Contravention of the site frontage development standard at cl 40(3) of SEPP Seniors Housing

  1. The proposal has two street frontages; a western frontage to Bobbin Head Road which is 18.29m wide and an eastern frontage to Bannockburn Road and Reely Street which is 47.855 wide.

  2. Clause 40(3) of SEPP Seniors Housing is in the following terms:

(3) Site frontage

The site frontage must be at least 20 metres wide measured at the building line.

  1. The applicant seeks an exception to the development standard for site frontage in SEPP Seniors Housing for the western frontage to Bobbin Head Road pursuant to cl 4.6 of LEP 2015. The applicant provided a cl 4.6 written request in support of the variation of the site frontage development standard in SEPP Seniors Housing.

The applicant’s written request to contravene a development standard

  1. The applicant bears the onus to demonstrate that the matters in cl 4.6(3) have been adequately addressed by the written request in order to enable the Court, exercising the functions of the consent authority, to form the requisite opinion of satisfaction (Initial Action v Woollahra Municipal Council [2018] NSWLEC 118 at [25] (Initial Action)). The applicant’s written request seeking to justify the contravention of the development standard must adequately address both:

  • that compliance with the development standard is unreasonable or unnecessary in the circumstances of the case (cl 4.6(3)(a)); and

  • that there are sufficient environmental planning grounds to justify contravening the development standard (cl 4.6(3)(b)).

  1. The common ways in which an applicant might demonstrate that compliance with a development standard is unreasonable or unnecessary are summarised by Preston CJ in Wehbe v Pittwater Council (2007) 156 LGERA 446 (Wehbe) at [42]-[51] and repeated in Initial Action at [17]-[21]. Although Wehbe concerned a SEPP 1 objection, the common ways to demonstrate that compliance with a development standard is unreasonable or unnecessary in Wehbe are equally applicable to cl 4.6 (Initial Action at [16]):

  1. The objectives of the development standard are achieved notwithstanding non-compliance with the standard;

  2. The underlying objective or purpose of the development standard is not relevant to the development, so that compliance is unnecessary;

  3. Underlying objective or purpose would be defeated or thwarted if compliance was required, so that compliance is unreasonable;

  4. The development standard has been abandoned by the council; or

  5. The zoning of the site was unreasonable or inappropriate so that the development standard was also unreasonable or unnecessary (note this is a limited way of establishing that compliance is not necessary as it is not a way to effect general planning changes as an alternative to strategic planning powers).

  1. The five ways to demonstrate compliance is unreasonable/unnecessary are not exhaustive, and it may be sufficient to establish only one way (Initial Action at [22]).

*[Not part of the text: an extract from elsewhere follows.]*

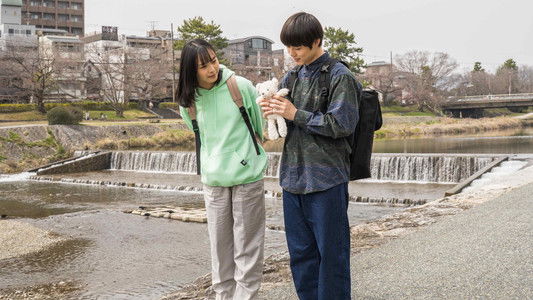 ぬいぐるみとしゃべる人はやさしい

  2. “Sufficient environmental planning grounds” is a phrase of wide generality (Four2Five Pty Ltd v Ashfield Council [2015] NSWLEC 90 at [26]). The environmental planning grounds relied on in the written request under cl 4.6 must be sufficient to justify contravening the development standard. The focus is on the aspect of the development that contravenes the development standard, not the development as a whole. Therefore, the environmental planning grounds advanced in the written request must justify the contravention of the development standard and not simply promote the benefits of carrying out the development as a whole (Initial Action at [24]).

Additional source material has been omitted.